Solid arguments are built with logic. Proving a point, defending a position, or establishing a solid concept relies on logic. Without it, arguments become senseless back-and-forth conversations or endless unsupported contradictions. This video, for example:
Logical arguments are made up of two parts: premises and a conclusion. The conclusion is that which the argument seeks to prove. The premises are factual statements that support, and ultimately prove, the conclusion.
Let’s look at a syllogism as an example of a basic logical argument made up of two premises and a conclusion.
P1. The White House is in Washington, DC.
P2. The Oval Office is in the White House.
⸫ The Oval Office is in Washington, DC.
In this argument, the two premises prove the conclusion.
When examining a logical argument, we first look to whether it is valid, then determine if it is sound.
A valid argument is one in which the premises force the conclusion to be true; the logic flows. It is important to remember that neither the premises nor the conclusion need to actually be true in order for the argument to be valid. The if/and/then test is a simple way of determining validity without getting mixed up in truth (that comes later).
Let’s apply the if/and/then test to our original argument:
IF the White House is in Washington, DC
AND the Oval Office is in the White House,
THEN the Oval Office is in Washington, DC.
This logically flows. If the White House is in Washington, DC and the Oval Office is in the White House, then it stands to reason that the Oval Office is in Washington, DC. The argument is valid.

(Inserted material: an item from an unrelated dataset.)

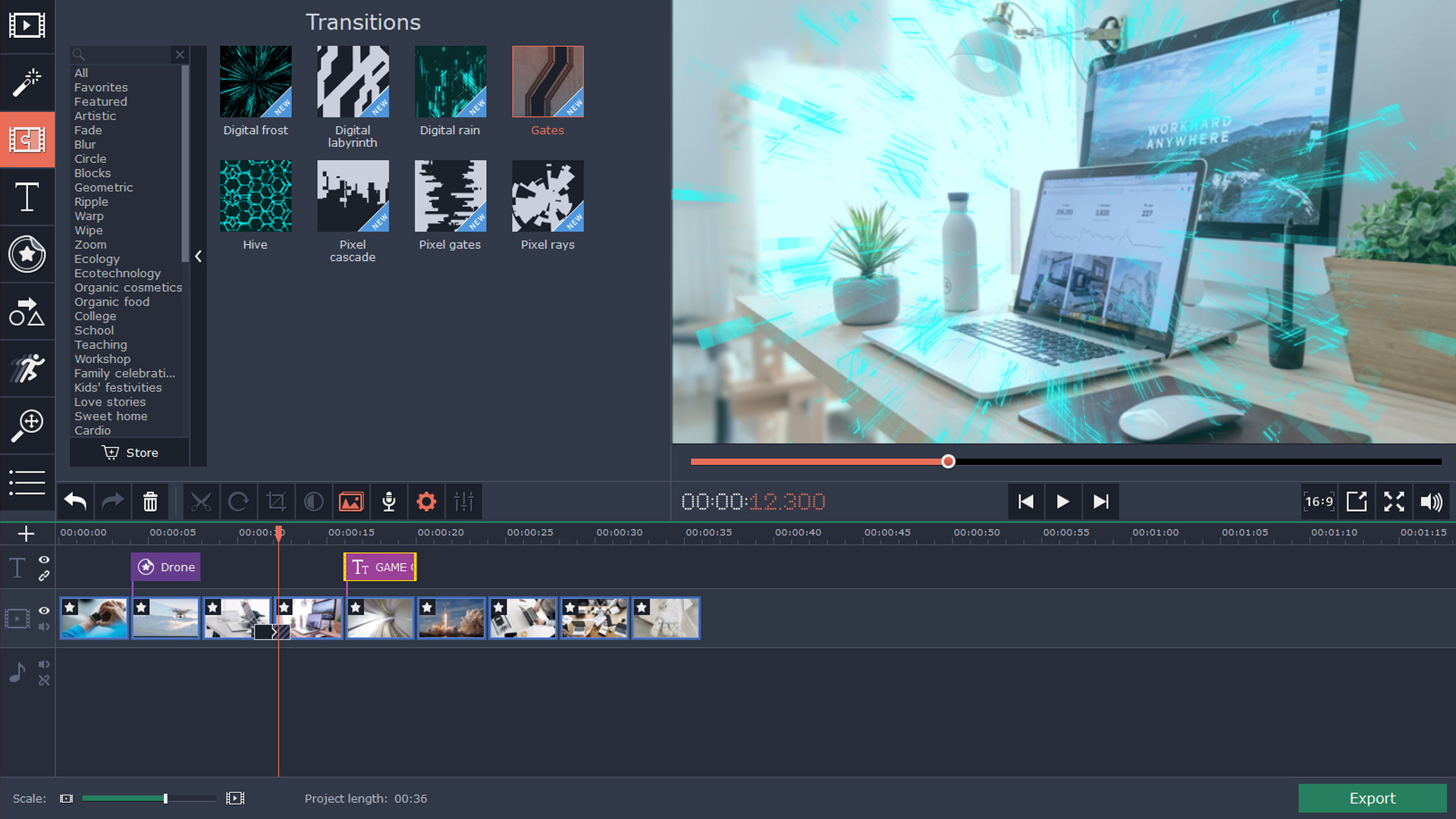 Movavi Video Editor 15 Plus - Technology Set screenshot 1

Now we test the argument’s soundness. A sound argument is a valid argument in which all the premises and the conclusion are actually true. Some quick research would show us that the premises are true; likewise for the conclusion.
This argument is sound. QED.
QED is a common conclusion used when one has successfully completed a logical proof. It stands for the Latin “quod erat demonstrandum,” which means “what was to be demonstrated.” More loosely translated, it means, “that which was to be demonstrated (or proven) has been.”

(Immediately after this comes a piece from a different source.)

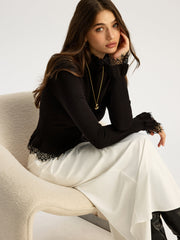 Lace Trim Mock Neck Knit Top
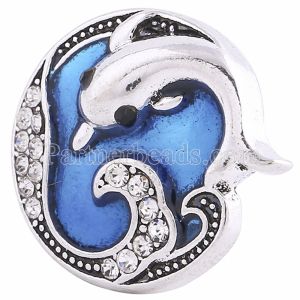 20MM Dolphin snap Silver Plated with Rhinestones and blue Enamel KC6147 snaps jewelry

Here’s some fun with logic:
Let’s try another one.
P1. All philosophy teachers are millionaires.
P2. John is a philosophy teacher.
⸫ John is a millionaire.
First, we test validity—without worrying about whether the premises or conclusion are true. We only want to see if the logic flows, so we apply the if/and/then test:
IF all philosophy teachers are millionaires.
AND John is a philosophy teacher.
THEN John is a millionaire.
The logic of this argument flows; it passes the if/and/then test. If all philosophy teachers are millionaires and John is a philosophy teacher, then John would have to be a millionaire.
This valid argument, however is not sound. The first premise is not true. This is what we call proceeding from a false premise. If one premise is false, the argument is not sound. We can stop there, but for fun, let’s look at the conclusion. It is not true. I am not a millionaire.
So, we have examined two logical syllogisms, both of which are valid, one of which is sound. Let’s look at an invalid argument:
P1. All doctors have advanced college degrees.
P2. Allie has an advanced college degree.
⸫ Allie is a doctor.
When we apply the if/and/then test, we easily find this argument to be invalid:
IF all doctors have advanced college degrees
AND Allie has an advanced college degree,
THEN Allie is a doctor.
The logic of this argument does not flow. If all doctors have advanced college degrees and Allie has an advanced college degree, then it still does not necessarily mean Allie is a doctor. Allie might have a Master of Fine Arts degree. The premises do not force the conclusion to be true. This argument is invalid.
An invalid argument cannot be sound.